• How to complete this task
What needs reproducing is the run of lines in the data below starting at the line with "Solo Surf-Irene Suchocki-Framed Giclee Print" and ending at the line with "(Charaxes grahamei blue", both ends included. Copy it exactly, without pictures, and add nothing.

• Extracted records
########

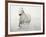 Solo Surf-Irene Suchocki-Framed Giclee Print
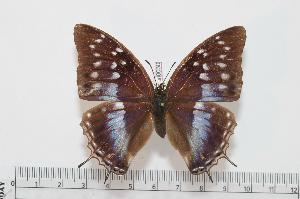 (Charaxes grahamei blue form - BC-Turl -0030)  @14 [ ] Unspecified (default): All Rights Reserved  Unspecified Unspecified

########

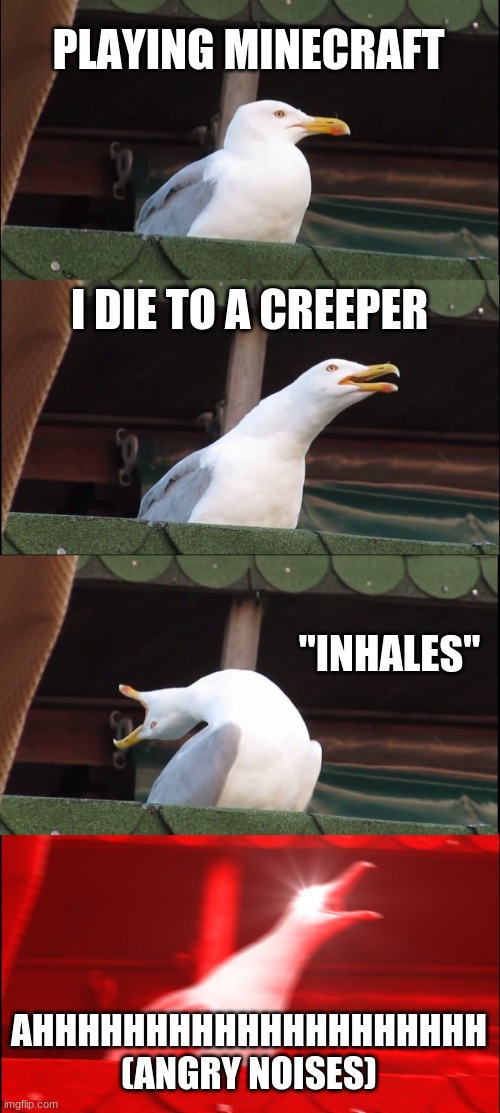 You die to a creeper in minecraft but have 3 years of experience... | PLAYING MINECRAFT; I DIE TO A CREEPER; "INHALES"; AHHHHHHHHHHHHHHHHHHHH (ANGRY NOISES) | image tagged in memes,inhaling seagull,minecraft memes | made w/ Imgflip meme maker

########

• Response area
 Solo Surf-Irene Suchocki-Framed Giclee Print
 (Charaxes grahamei blue form - BC-Turl -0030)  @14 [ ] Unspecified (default): All Rights Reserved  Unspecified Unspecified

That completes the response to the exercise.